Aportar documentos y no atravesar ningún método de control sobre el fondo de lo que se debe demostrar, es seguir engañándonos y no crear correctivos  es repetir episodios de la historia panameña, que encuentra momentos relacionados a la duda sobre la capacidad de jueces y abogados. Como referencia de lo anterior  elijo el siguiente ejemplo, El 5 marzo de 1913, siendo Presidente de la República Belisario Porras, removió de su cargo de Magistrado de la Corte Suprema de Justicia a Nicolás Victoria J. por no haber tenido el interés de acreditar el cumplimiento de los requisitos exigidos por Ley  para desempeñar el empleo de Magistrado.[i]

Una forma eficiente utilizada en diversas disciplinas, ha sido por medio de los procesos de certificación profesional periódicos, que han permitido garantizar uniformidad en acreditas  esas competencias requeridas, los cuales son llevados a cabo mediante controles estatales o exámenes que evalúan y garantizan al ciudadano mínimos de calidad, al menos en lo que a conocimientos se refiere.

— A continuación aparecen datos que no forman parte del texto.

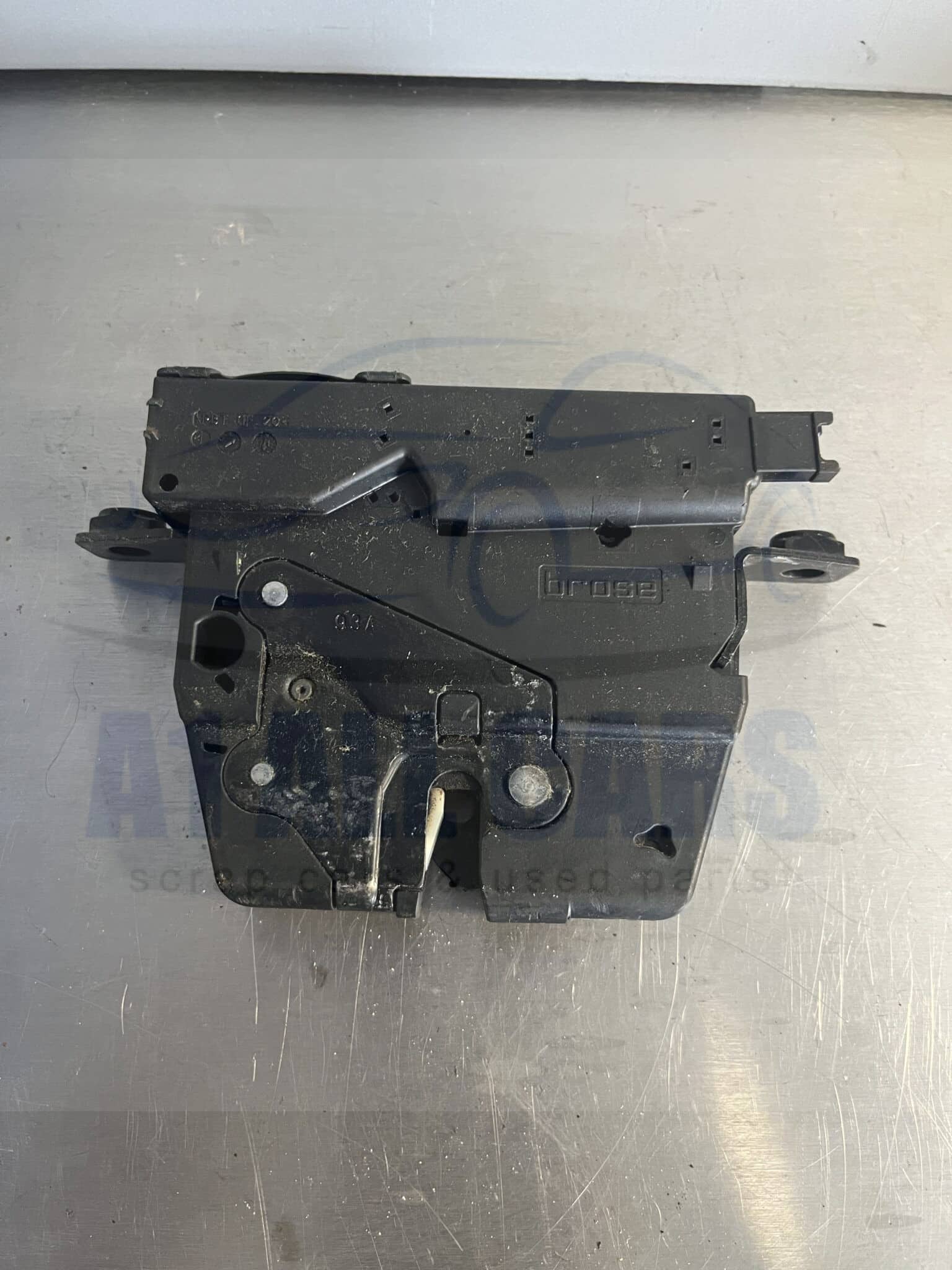 BMW 3 Series 2012-2015 F30 5 Door Saloon Tailgate / Boot Lid Locking Mechanism – 918064-106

En las condiciones actuales del desarrollo de la profesión de abogado, los nuevos egresados  igualmente requieren de una forma real para competir en el mercado profesional, la certificación permite cerrar la brecha entre generaciones de abogados, facilitando incluso, tener mayores opciones de contratación ante un potencial cliente, adicionalmente se reducen los riesgos de una guerra de precios como mecanismo de atraer clientes.

El actual proceso de ratificación, confirma el colapso de un método designación-ratificación, y desde este preciso momento impone un reto, que consiste en no olvidar que en diciembre de 2019 vence otro periodo de Magistrado de la Corte Suprema de Justicia, y la sociedad requiere encontrar nuevos mecanismos que auxilien a encontrar personas que aporten confianza en su propia trayectoria profesional y que sean esta la que pueda ser reconocidas en esos nombramientos.

La idoneidad de Magistrado emitida por el Ministerio de Gobierno ha caducado,  debe transformarse y realmente ser el primer control a conocimientos, capacidades y garante de diferenciar exigencias especiales para el empleo de magistrado. El cual requiere mayores competencias, destrezas y habilidades de aquel que ejerce la profesión de abogado de forma privada en cualquier disciplina.

La batalla política que vivimos con las actuales designaciones, trae mayor descrédito al Órgano del Judicial, producto de los políticos de turno que no han tenido la voluntad de dejar un legado de transformación, por eso el momento es de poner en practica las lecciones aprendidas, que se  generen cambios y que los mismos  no sean cosméticos.

Aprovecho para mencionar que ya reposa en la Asamblea de Diputados un Proyecto de Ley (el 249 de septiembre de 2015[ii]) que aborda la necesidad de un examen de conocimientos previo a la emisión de la idoneidad para abogados, que puede  ampliarse en lo concerniente a los Magistrados y agregar las diversas fórmulas que generen los consensos necesarios, para  promover una nueva Ley de la Abogacía acorde a las exigencias sociales.

Lo realmente importante es no dilatar  ésta discusión y que las propuestas surjan.